[PATCH v3] sched/core: Skip user_cpus_ptr masking if no online CPU left

Waiman Long posted 1 patch 2 months, 2 weeks ago
kernel/sched/core.c | 7 ++++---
1 file changed, 4 insertions(+), 3 deletions(-)
[PATCH v3] sched/core: Skip user_cpus_ptr masking if no online CPU left
Posted by Waiman Long 2 months, 2 weeks ago
Chen Ridong reported that cpuset could report a kernel warning for a task
due to set_cpus_allowed_ptr() returning failure in the corner case that:

1) the task used sched_setaffinity(2) to set its CPU affinity mask to
   be the same as the cpuset.cpus of its cpuset,
2) all the CPUs assigned to that cpuset were taken offline, and
3) cpuset v1 is in use and the task had to be migrated to the top cpuset.

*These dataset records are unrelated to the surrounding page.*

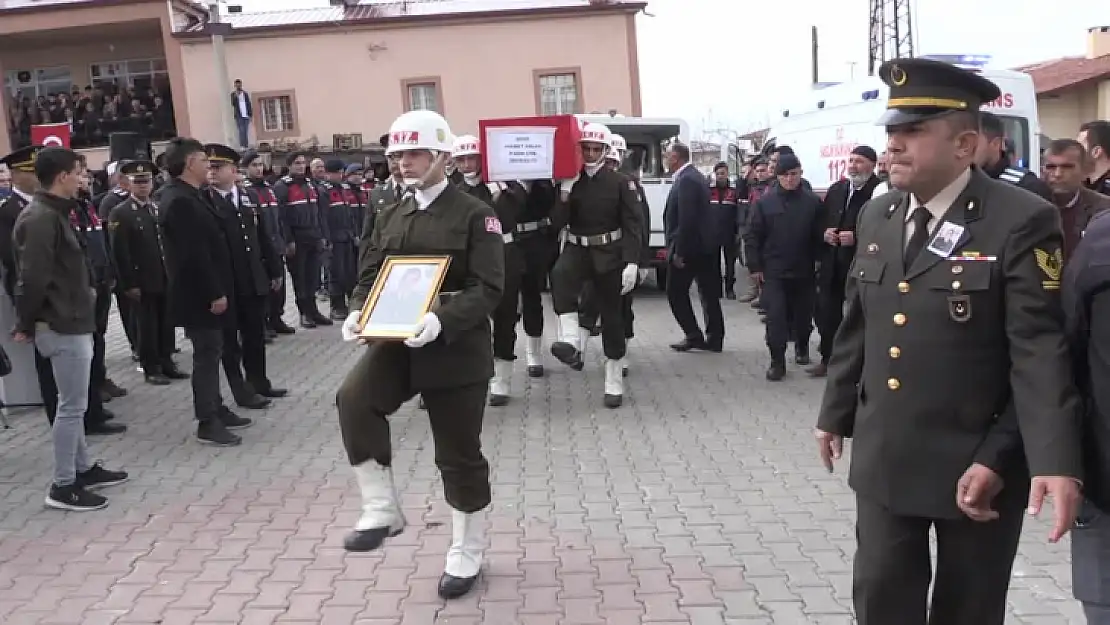 Şehit Piyade Uzman Çavuş Hikmet Aslan Son Yolculuğuna Uğurlandı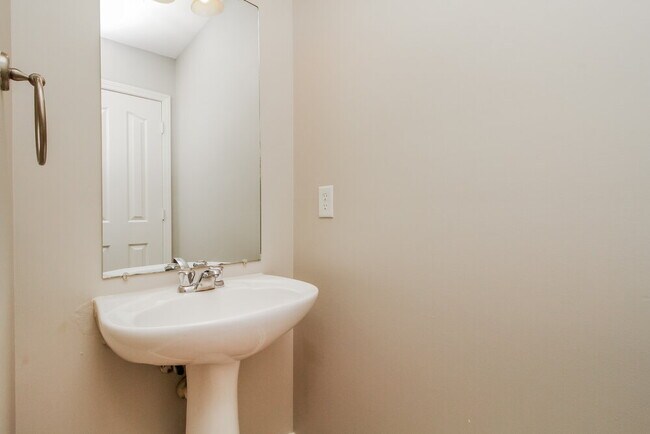 Building Photo - 8051 Logan Dr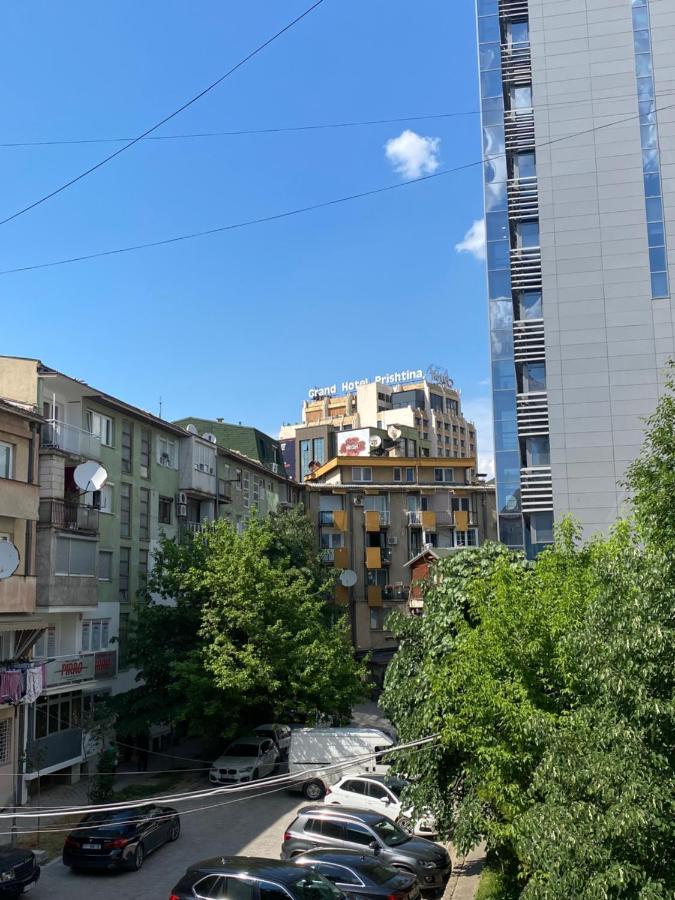 Hotspot Apartments - City Center بريشتاين المظهر الخارجي الصورة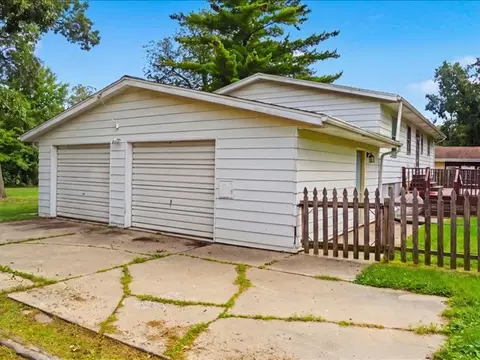 Exterior - 1021 Myrtle Ave, Dixon, IL 61021 photo 3 of 6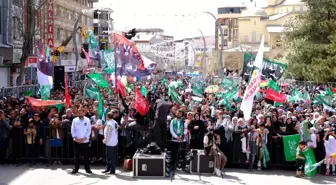 Peygamber Sevdalıları Vakfı Van Koordinatörlüğü tarafından düzenlenen 'Mevlid-i Nebi' etkinliğine yüzlerce vatandaş katıldı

Due to the fact that CPU affinity of the tasks in the top cpuset are
not updated when a CPU hotplug online/offline event happens, offline
CPUs are included in CPU affinity of those tasks. It is possible
that further masking with user_cpus_ptr set by sched_setaffinity(2)
in __set_cpus_allowed_ptr() will leave only offline CPUs in the new
mask causing the subsequent call to __set_cpus_allowed_ptr_locked()
to return failure with an empty CPU affinity.

Fix this failure by skipping user_cpus_ptr masking if there is no online
CPU left.

Reported-by: Chen Ridong <chenridong@huaweicloud.com>
Closes: https://lore.kernel.org/lkml/20250714032311.3570157-1-chenridong@huaweicloud.com/
Fixes: da019032819a ("sched: Enforce user requested affinity")
Signed-off-by: Waiman Long <longman@redhat.com>
---
 kernel/sched/core.c | 7 ++++---
 1 file changed, 4 insertions(+), 3 deletions(-)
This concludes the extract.